*** Opening Supplied records ***

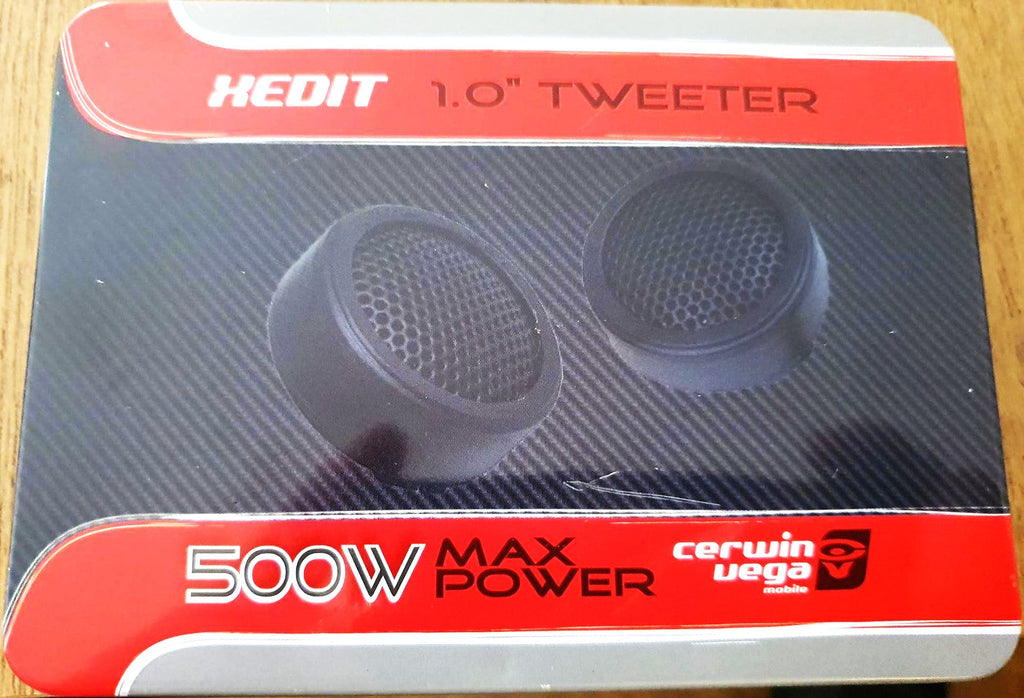 2 Pair Cerwin-Vega XED1T 500W Peak (250W RMS) 1” XED Series Metal Dome Tweeters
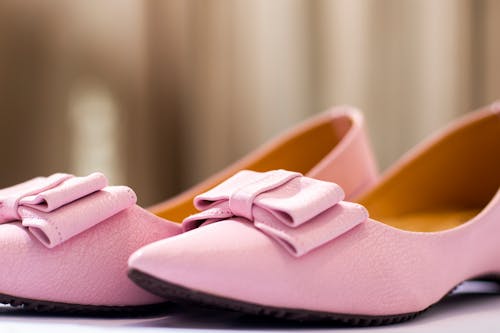 Free Close Up Shot of Pink Shoes Stock Photo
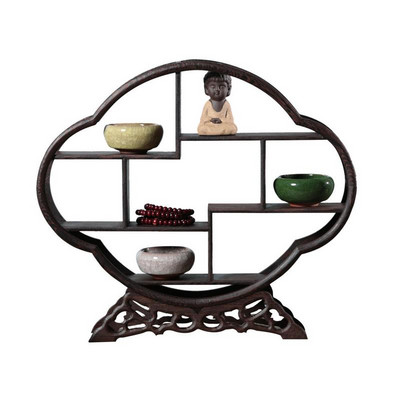 Több minta tömör fa ajtókeret anyaga antik kijelzőkeret vörösfa teáskanna ajándék vitrin polc kézműves otthon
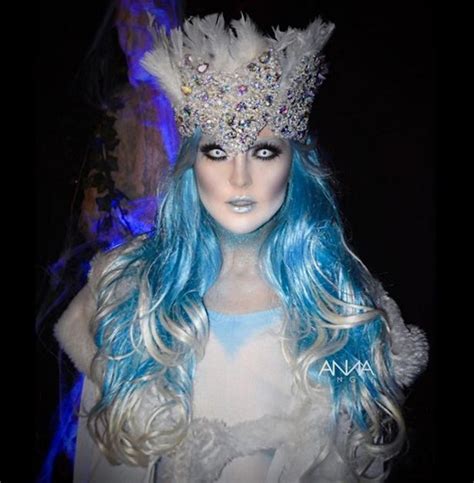 Perrie Edwards Transforms Into Beautiful Ice Queen For Halloween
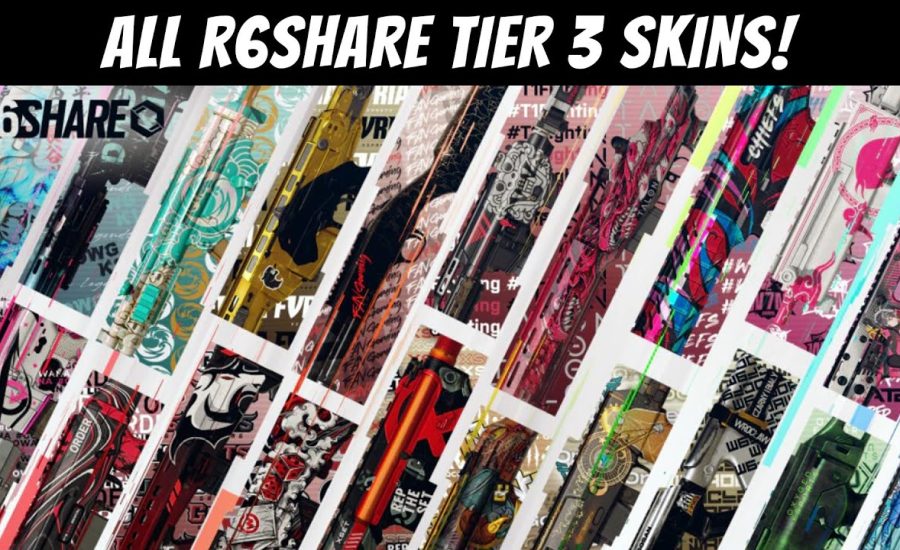 ALL R6SHARE TIER 3 SKINS! - Rainbow Six Siege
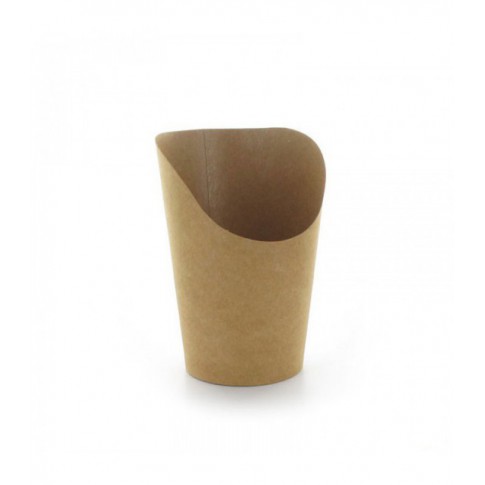 Gobelet snack carton brun  Ø90mm  H160mm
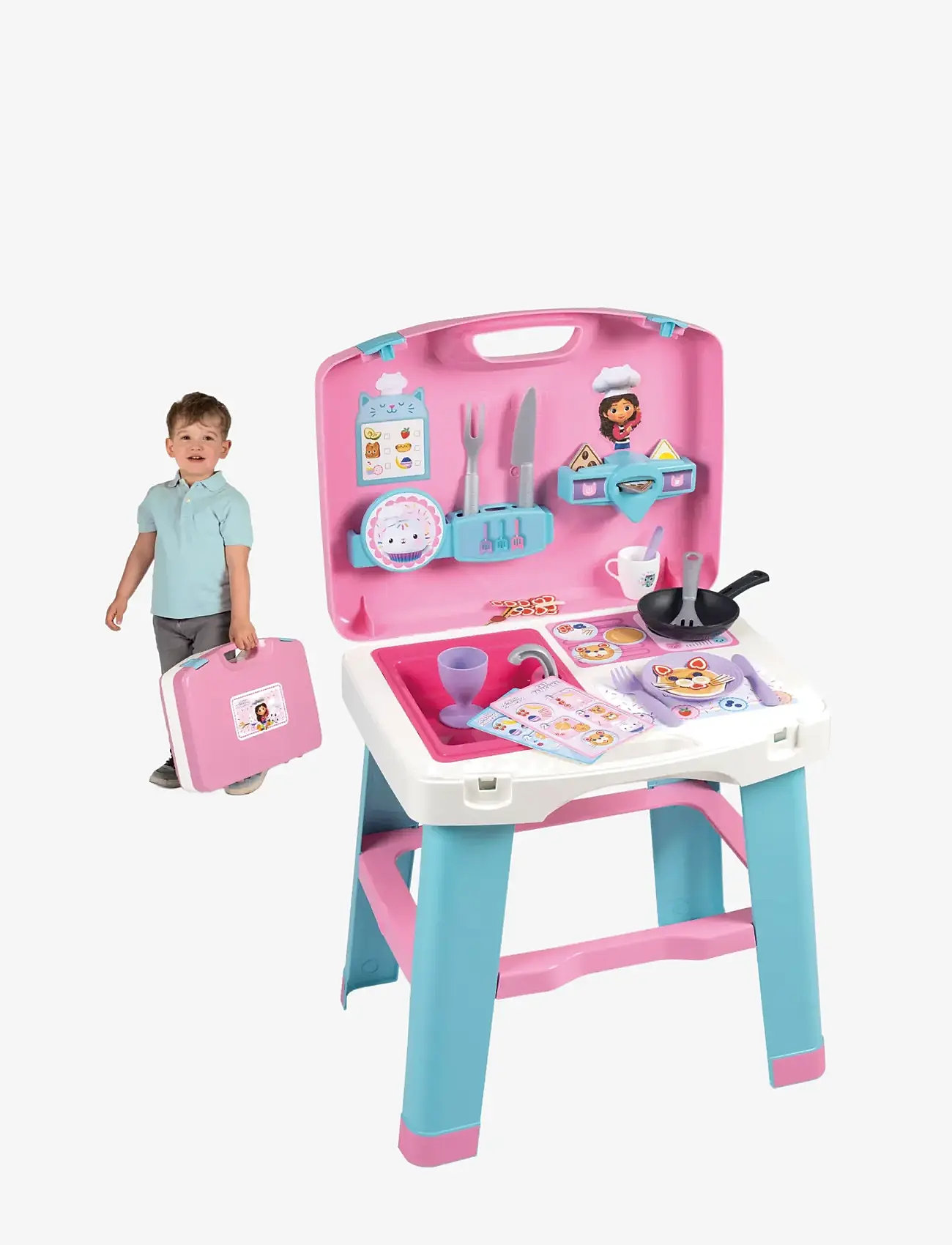 Smoby - Smoby Gabby Kitchen - legekøkkener - pink - 3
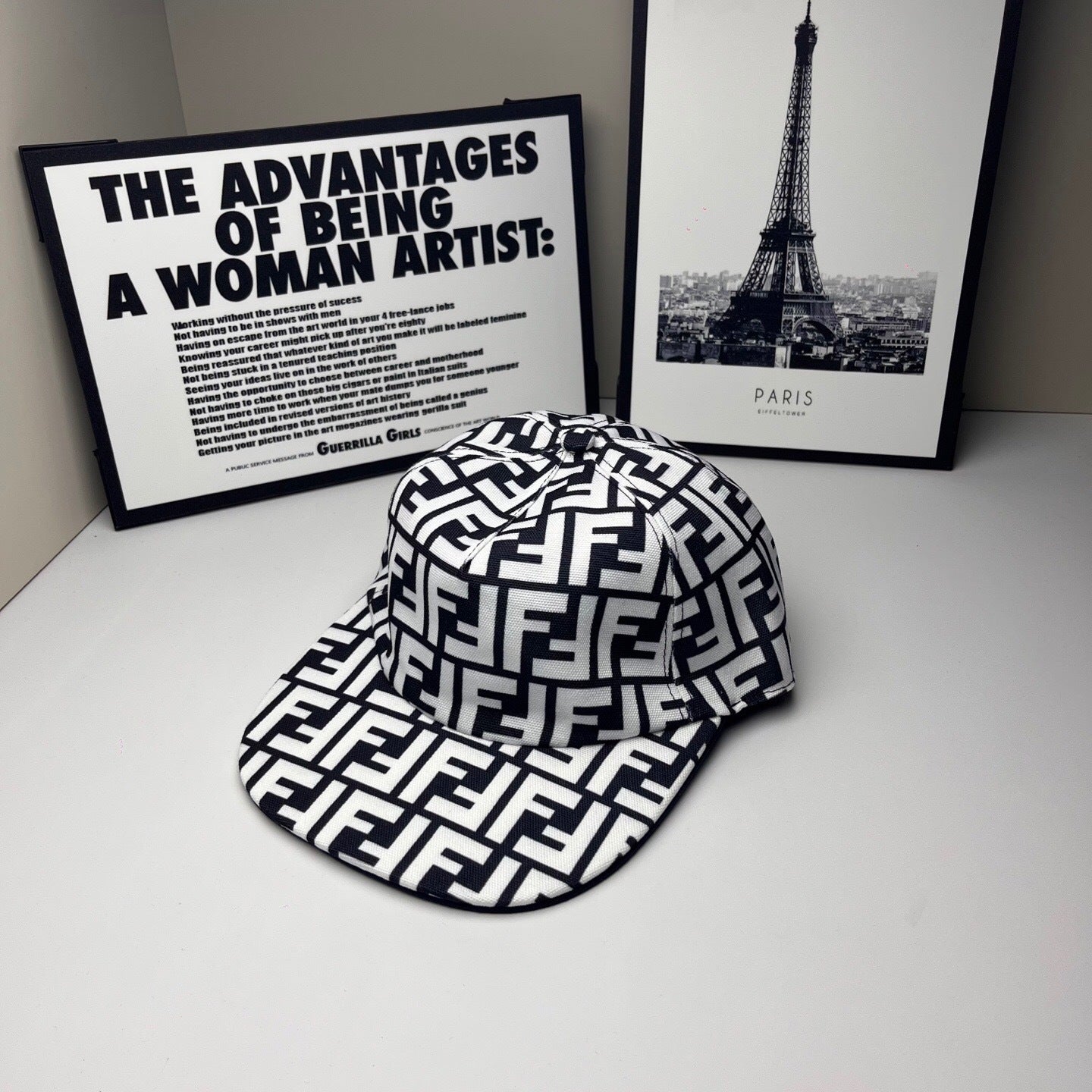 Fendi FF Cotton Baseball Cap
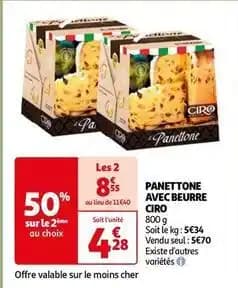 Ciro - panettone avec beurre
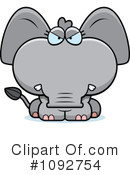 Elephant Clipart #1092754 by Cory Thoman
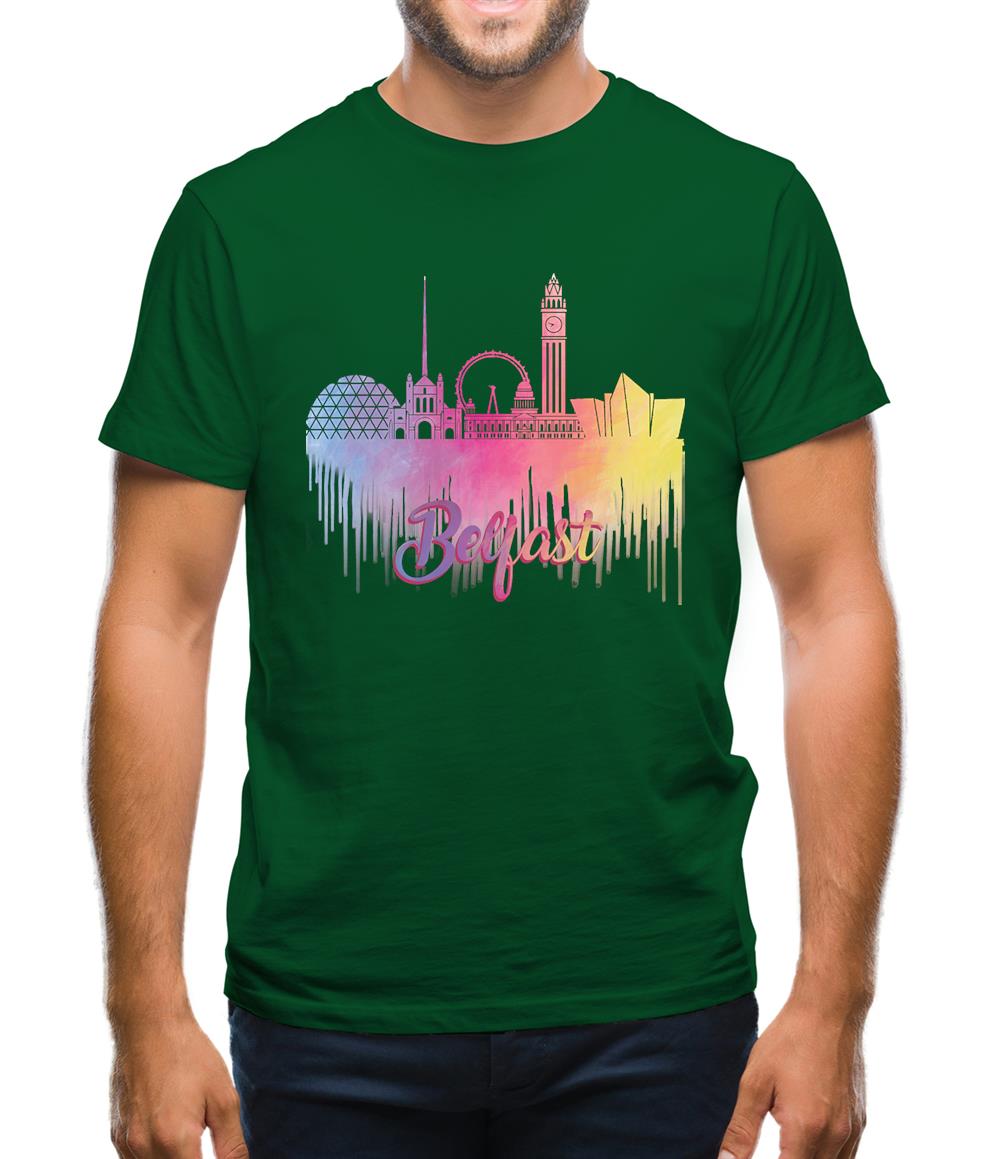 Belfast Silhouette Mens T-Shirt Belfast Silhouette Mens T-Shirt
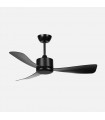 Ventilador de Techo YESTE Negro DC 18W 2250Lm 3 Aspas Negro CCT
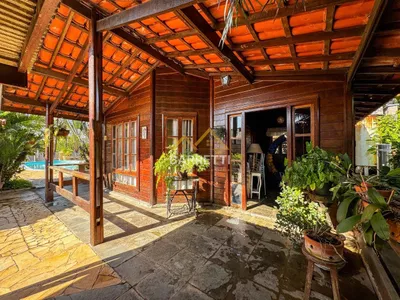 Casa disponível para venda e locação no Colinas do Piracicaba, com 298 m² de área construída. Possui 3 quartos, sendo 1 suíte, piscina, chalé e 6 vagas de garagem - Foto 29
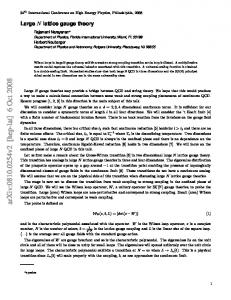 Large N lattice gauge theory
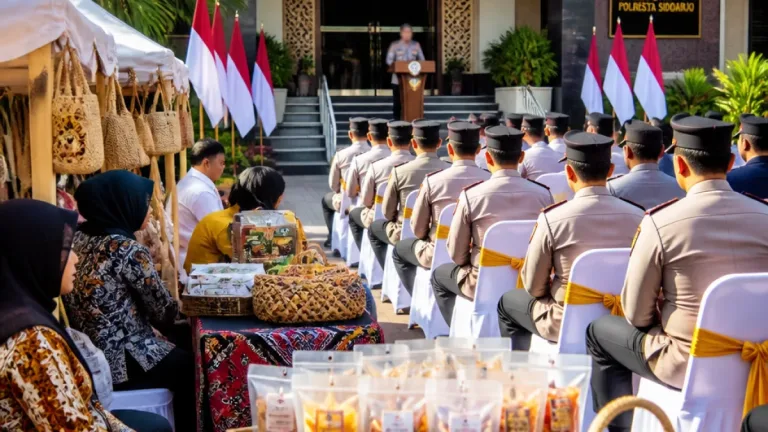 Studi Lingkungan Sespimmen Polri di Polresta Sidoarjo Bahas Kepemimpinan dan Dukungan untuk UMKM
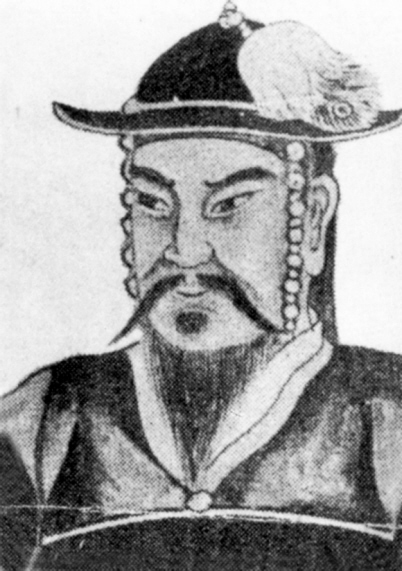 충무공 영정(부분)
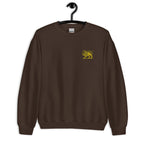Embroidery lion and sun shirt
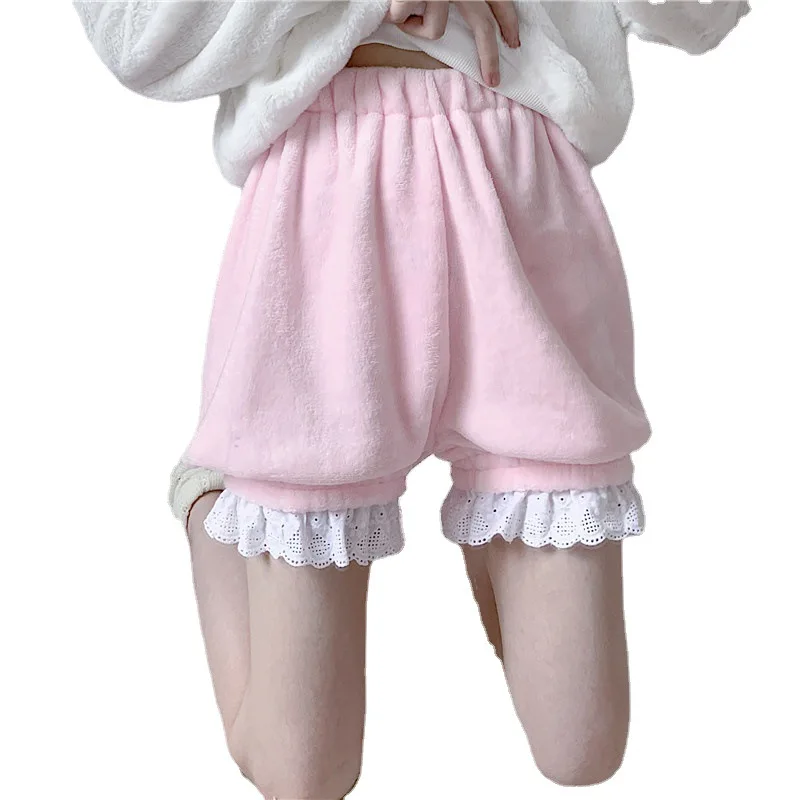 Winter Fleece Lined Bloomers | Warm Fluffy Safety Shorts for Lolita & JK Skirts | High Waist Thermal Underwear for Women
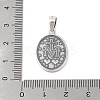 999 Fine Silver Religious Medal Pendants STER-C006-02AS-3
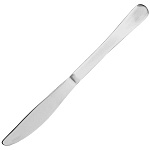 Нож столовый «Оптима Лайт» сталь нерж., L=208, B=14 мм серебрист. Kunstwerk H018-5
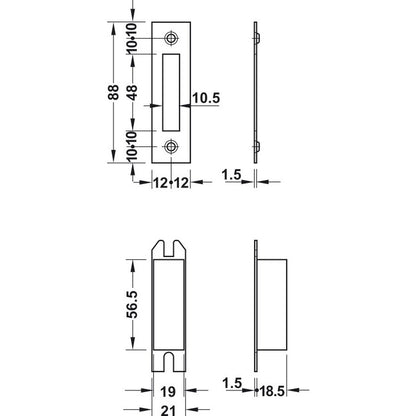 HAFELE 91122511 Bathroom hinged door Mortise dead lock in Dar Tanzania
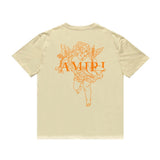 Amiri T Shirt Printed Casual Hip Hop round Neck Short Sleeve T-shirt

*** Closing Supplied records ***

▸ **What is required**
Copy nothing but the lines above from the one with "Studi Lingkungan Sespimmen" to the one with "Winter Fleece Lined", inclusive, word for word. Leave every picture out.

▸ **Answer box**
 Studi Lingkungan Sespimmen Polri di Polresta Sidoarjo Bahas Kepemimpinan dan Dukungan untuk UMKM
 충무공 영정(부분)
Embroidery lion and sun shirt
 Winter Fleece Lined Bloomers | Warm Fluffy Safety Shorts for Lolita & JK Skirts | High Waist Thermal Underwear for Women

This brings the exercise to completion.